I quattro parlamentari hanno riferito di colloqui da essi intrattenuti con i migranti rinchiusi e le storie si assomigliano tutte, con periodi lunghi trascorsi in Libia dove sono imprigionati dalla marmaglia armata libica, torturati, costretti a lavorare come schiavi con la prospettiva, dopo due anni, di potersi imbarcare per l'Europa. Eppure alcuni sono stati ripresi in mare dagli aguzzini della guardia costiera libica, portati indietro per essere nuovamente torturati e imprigionati per altri mesi prima di poter partire.
Il secondo ostacolo al progettato lager albanese del governo Meloni è giunto dalla magistratura, ossia da un giudice della sezione immigrazione del Tribunale di Roma che non ha convalidato il trattenimento in Albania dei restanti 12 migranti bengalesi ed egiziani in quanto provenienti da Paesi non sicuri.
Il giudice ha infatti motivato la sua ordinanza considerando che il Bangladesh solo recentemente ha abbattuto la dittatura corrotta e repressiva di Sheikh Hasina Wazed, al potere quasi ininterrottamente da ventotto anni mentre l'Egitto dal 2013, anno del colpo di Stato che lo ha portato al potere, conosce il violento pugno di ferro repressivo del generale Abdel Fattah al-Sisi, e basterebbe la vicenda del povero Regeni a ricordarlo.
Né il Bangladesh, quantomeno all'epoca in cui i migranti lo lasciarono ma il discorso, secondo il giudice romano, vale ancora oggi, né tanto meno l'Egitto possono essere considerati Paesi sicuri in quanto, sempre secondo il ragionamento del giudice, per dichiarare sicuro uno Stato non è sufficiente che esso non sia coinvolto in una guerra civile o internazionale, ma è fondamentale che in esso siano garantiti almeno i fondamentali diritti umani, e in base a tale presupposto il giudizio non può che essere negativo.

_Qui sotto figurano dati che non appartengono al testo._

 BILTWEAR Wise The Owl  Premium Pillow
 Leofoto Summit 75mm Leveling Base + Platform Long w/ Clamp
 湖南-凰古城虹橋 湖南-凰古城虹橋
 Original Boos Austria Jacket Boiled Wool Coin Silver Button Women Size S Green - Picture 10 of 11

Il Tribunale di Roma, dal punto di vista giuridico, ha fondato la sua decisione su una sentenza del 7 maggio scorso della Corte di giustizia dell’Unione europea che, interpretando le norme della direttiva n. 2013/32 che disciplina le procedure comuni ai fini del riconoscimento e della revoca dello status di protezione internazionale, ha ritenuto che “la designazione di un Paese come di origine sicuro dipende dalla possibilità di dimostrare che, in modo generale e uniforme, non si ricorre mai alla persecuzione
” e tiene presenti decisioni già adottate da altri tribunali, come quella del Tribunale di Palermo dello scorso 10 ottobre che ha definito la Tunisia non sicura, con la conseguenza che al cittadino tunisino richiedente asilo non potrà applicarsi la frettolosa procedura di espulsione.

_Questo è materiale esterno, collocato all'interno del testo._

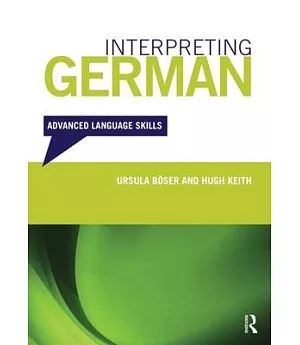 Interpreting German: Advanced Language Skills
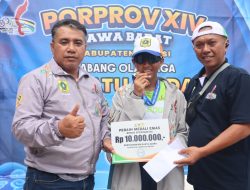 Cabor Sepatu Roda Kabupaten Bogor Sumbang Medali Emas pada Porprov XIV Jabar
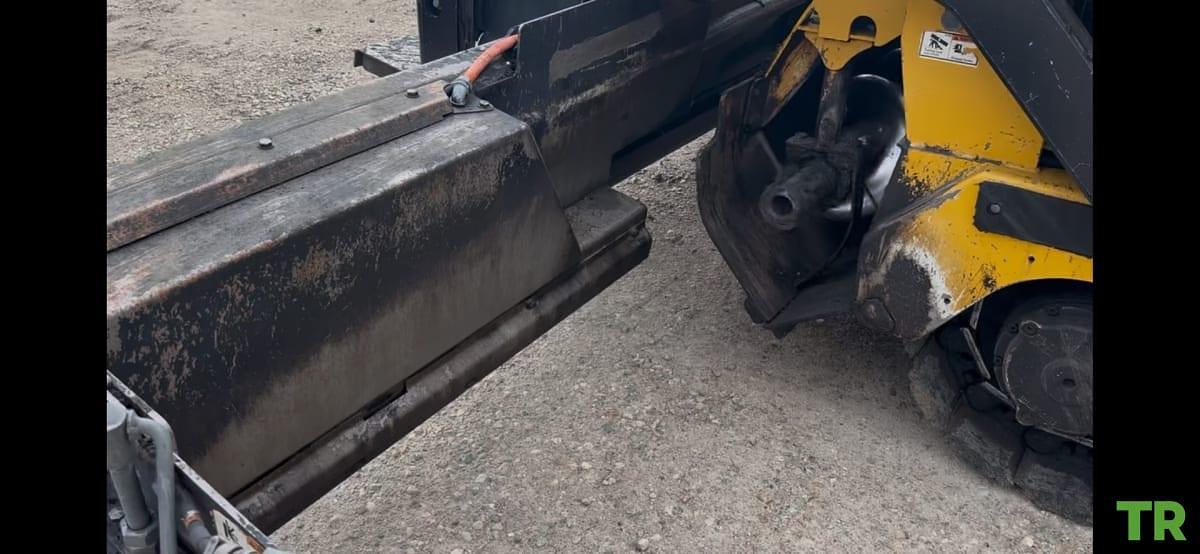 Used 2017 Weiler P385B Track Asphalt Paver | Cat Diesel | 4,700 Hours | 8'–15'6" Paving Width | Grade Control Ready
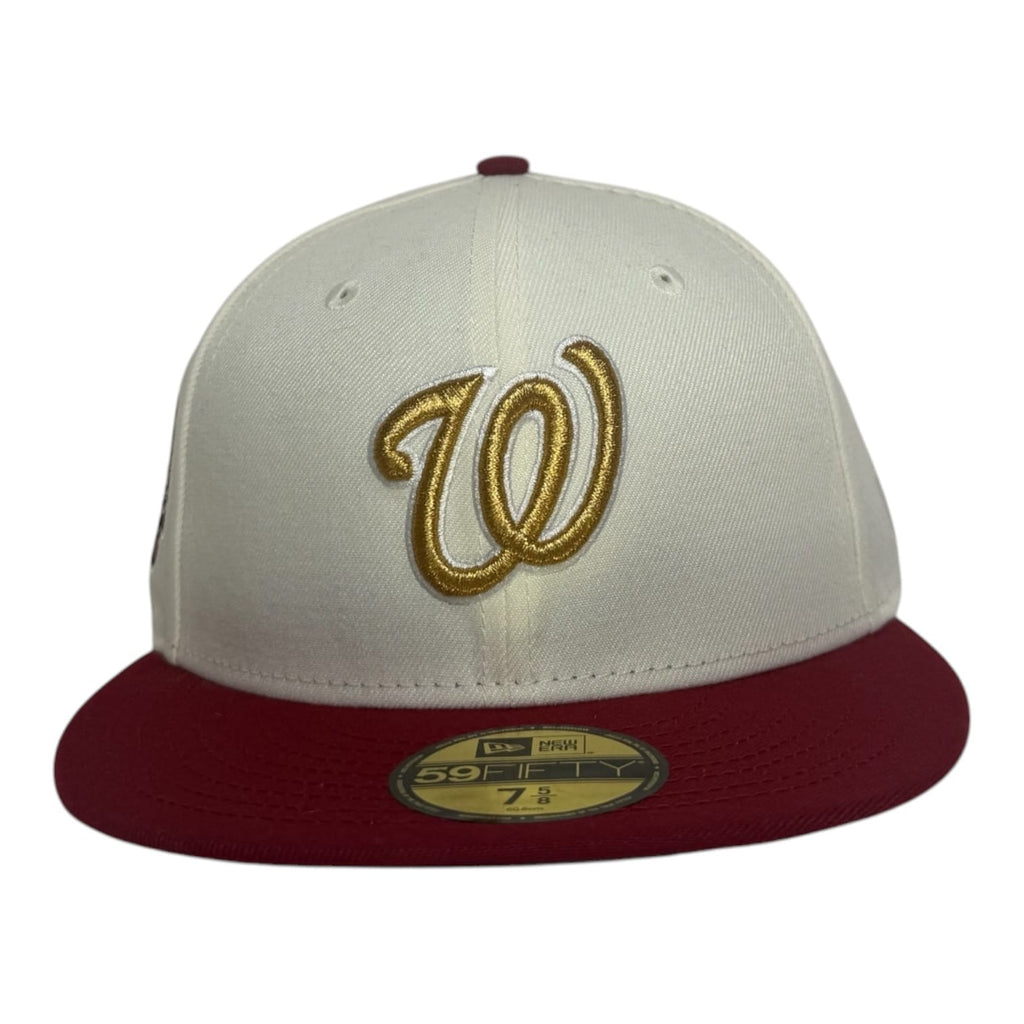 The Hat Wall Fitted hat New Era Washington Nationals 45th Anniversary 59Fifty Fitted Hat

L'ordinanza del Tribunale di Roma è un vero e proprio smacco al governo Meloni, tanto che il guardasigilli Nordio a margine di un convegno a Palermo ha bollato il provvedimento giurisdizionale come “abnorme
” e ha affermato che “non può essere la magistratura a definire uno Stato più o meno sicuro, è una decisione di altissima politica. Prenderemo dei provvedimenti legislativi
”. Sarà insomma il governo a sottoporre la magistratura alle proprie definizioni burocratiche, diplomatiche e assolutamente lontane dalla realtà, un atteggiamento nei confronti dei magistrati che fu tipico del regime fascista, il quale non soltanto sottomise l'intera magistratura all'aberrante normativa fascista, ma selezionò, tra i magistrati ambiziosi, delinquenti senza scrupoli del calibro di Azzariti, Manca e Petraccone affinché componessero quella vergogna del tribunale della razza per colpire gli ebrei, e spedì un criminale in toga del calibro di Guerrazzi a dirigere la vergognosa Corte d'appello di Addis Abeba per colpire i neri.
Se ieri Mussolini deportava gli ebrei, oggi la sua discepola Meloni, rinnovando e aggiornando quelle leggi razziali, deporta i migranti, gli islamici e i poveri di pelle nera che cercano di sfuggire alla fame in cui sono condannati nei loro paesi di origine e alle persecuzioni politiche di regimi dispotici e corrotti.